*TASK DATA*.
##########

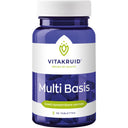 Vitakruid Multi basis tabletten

##########

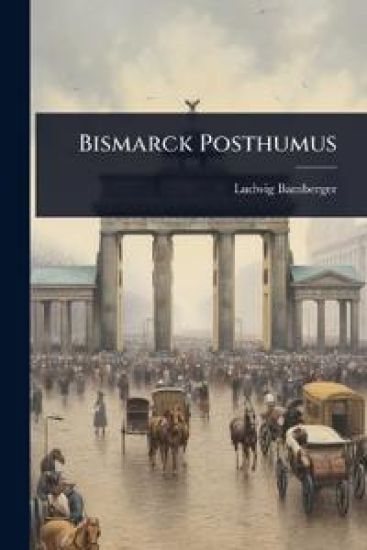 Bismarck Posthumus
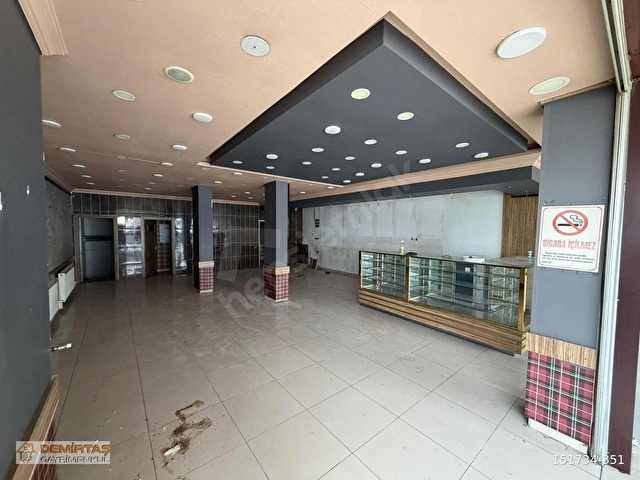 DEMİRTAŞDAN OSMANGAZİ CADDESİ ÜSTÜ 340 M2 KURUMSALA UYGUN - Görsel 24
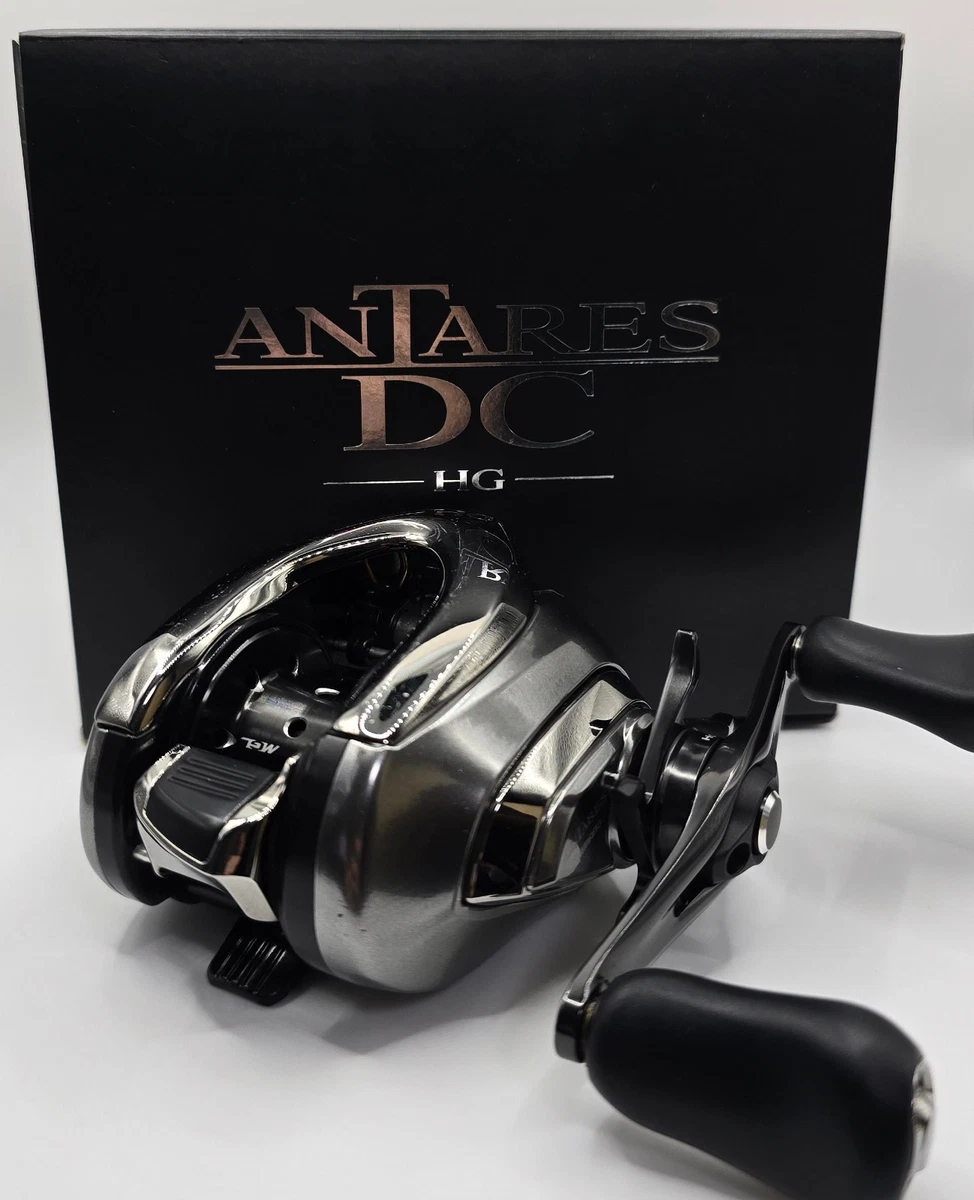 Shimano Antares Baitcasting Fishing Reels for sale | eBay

##########

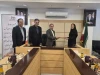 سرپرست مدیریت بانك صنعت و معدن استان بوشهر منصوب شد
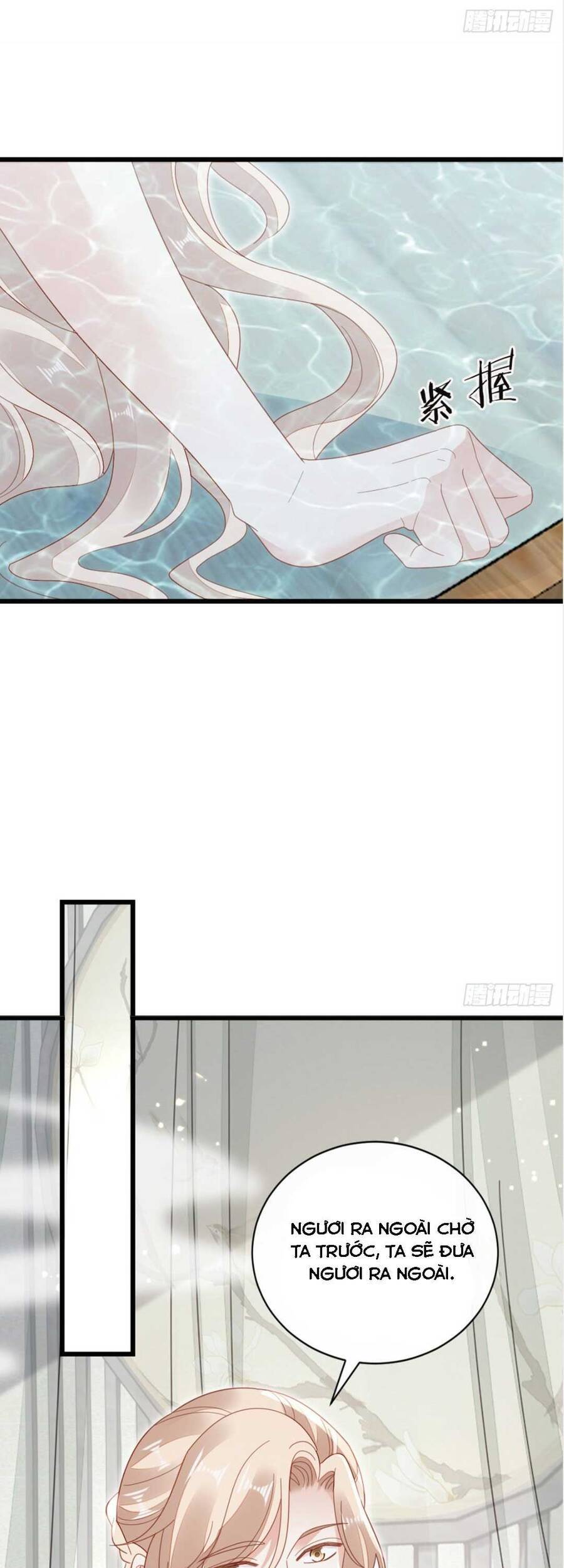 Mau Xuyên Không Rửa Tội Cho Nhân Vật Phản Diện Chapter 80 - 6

##########

*EXERCISE DETAILS*. Leaving each picture behind, please give again exactly the lines above from the one with "سرپرست مدیریت بانك" through the one with "Mau Xuyên Không", both included, and no others.

*YOUR SOLUTION*.
 سرپرست مدیریت بانك صنعت و معدن استان بوشهر منصوب شد
 Mau Xuyên Không Rửa Tội Cho Nhân Vật Phản Diện Chapter 80 - 6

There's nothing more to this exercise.